===== Dataset entries =====

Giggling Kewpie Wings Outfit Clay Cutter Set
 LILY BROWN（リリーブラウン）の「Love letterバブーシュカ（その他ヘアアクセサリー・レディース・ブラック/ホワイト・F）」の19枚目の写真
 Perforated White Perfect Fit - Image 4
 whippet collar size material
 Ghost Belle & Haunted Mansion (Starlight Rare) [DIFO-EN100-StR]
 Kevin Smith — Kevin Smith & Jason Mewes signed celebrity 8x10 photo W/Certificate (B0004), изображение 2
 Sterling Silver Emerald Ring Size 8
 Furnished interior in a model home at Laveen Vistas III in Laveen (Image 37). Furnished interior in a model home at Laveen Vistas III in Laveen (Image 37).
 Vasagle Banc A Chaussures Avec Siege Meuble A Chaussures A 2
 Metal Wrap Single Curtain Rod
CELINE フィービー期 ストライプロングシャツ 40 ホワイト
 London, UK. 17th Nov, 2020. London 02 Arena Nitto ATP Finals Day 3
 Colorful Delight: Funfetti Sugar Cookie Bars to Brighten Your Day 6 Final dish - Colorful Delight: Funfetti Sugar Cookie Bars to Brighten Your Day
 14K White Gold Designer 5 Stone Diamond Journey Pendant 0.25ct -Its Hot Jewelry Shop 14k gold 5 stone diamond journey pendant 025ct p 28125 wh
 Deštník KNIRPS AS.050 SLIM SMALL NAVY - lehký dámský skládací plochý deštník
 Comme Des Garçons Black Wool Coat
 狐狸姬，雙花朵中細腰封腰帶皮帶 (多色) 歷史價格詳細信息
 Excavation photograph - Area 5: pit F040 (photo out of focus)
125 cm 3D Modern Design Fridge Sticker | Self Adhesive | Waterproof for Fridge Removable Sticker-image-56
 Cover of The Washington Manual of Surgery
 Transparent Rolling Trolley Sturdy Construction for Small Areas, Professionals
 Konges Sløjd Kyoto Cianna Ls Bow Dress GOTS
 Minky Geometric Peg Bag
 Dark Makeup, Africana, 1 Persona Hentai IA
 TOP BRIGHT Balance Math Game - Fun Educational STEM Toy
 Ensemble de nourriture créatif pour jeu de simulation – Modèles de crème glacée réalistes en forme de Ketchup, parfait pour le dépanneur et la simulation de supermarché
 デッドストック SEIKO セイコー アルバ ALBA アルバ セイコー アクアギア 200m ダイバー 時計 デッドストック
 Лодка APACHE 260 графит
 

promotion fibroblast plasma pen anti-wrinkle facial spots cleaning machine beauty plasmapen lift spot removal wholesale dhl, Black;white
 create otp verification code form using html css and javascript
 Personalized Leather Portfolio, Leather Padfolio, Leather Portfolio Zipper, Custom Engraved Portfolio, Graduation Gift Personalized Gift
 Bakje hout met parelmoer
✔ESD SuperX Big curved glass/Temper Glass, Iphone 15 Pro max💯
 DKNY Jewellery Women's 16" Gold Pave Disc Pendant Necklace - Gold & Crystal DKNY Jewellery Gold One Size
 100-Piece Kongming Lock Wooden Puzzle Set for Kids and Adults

=====

Task requirements: Lines from the one containing "Transparent Rolling Trolley" through the end of the data above must be written out exactly, and no other lines are needed.

Written solution:
 Transparent Rolling Trolley Sturdy Construction for Small Areas, Professionals
 Konges Sløjd Kyoto Cianna Ls Bow Dress GOTS
 Minky Geometric Peg Bag
 Dark Makeup, Africana, 1 Persona Hentai IA
 TOP BRIGHT Balance Math Game - Fun Educational STEM Toy
 Ensemble de nourriture créatif pour jeu de simulation – Modèles de crème glacée réalistes en forme de Ketchup, parfait pour le dépanneur et la simulation de supermarché
 デッドストック SEIKO セイコー アルバ ALBA アルバ セイコー アクアギア 200m ダイバー 時計 デッドストック
 Лодка APACHE 260 графит
 

promotion fibroblast plasma pen anti-wrinkle facial spots cleaning machine beauty plasmapen lift spot removal wholesale dhl, Black;white
 create otp verification code form using html css and javascript
 Personalized Leather Portfolio, Leather Padfolio, Leather Portfolio Zipper, Custom Engraved Portfolio, Graduation Gift Personalized Gift
 Bakje hout met parelmoer
✔ESD SuperX Big curved glass/Temper Glass, Iphone 15 Pro max💯
 DKNY Jewellery Women's 16" Gold Pave Disc Pendant Necklace - Gold & Crystal DKNY Jewellery Gold One Size
 100-Piece Kongming Lock Wooden Puzzle Set for Kids and Adults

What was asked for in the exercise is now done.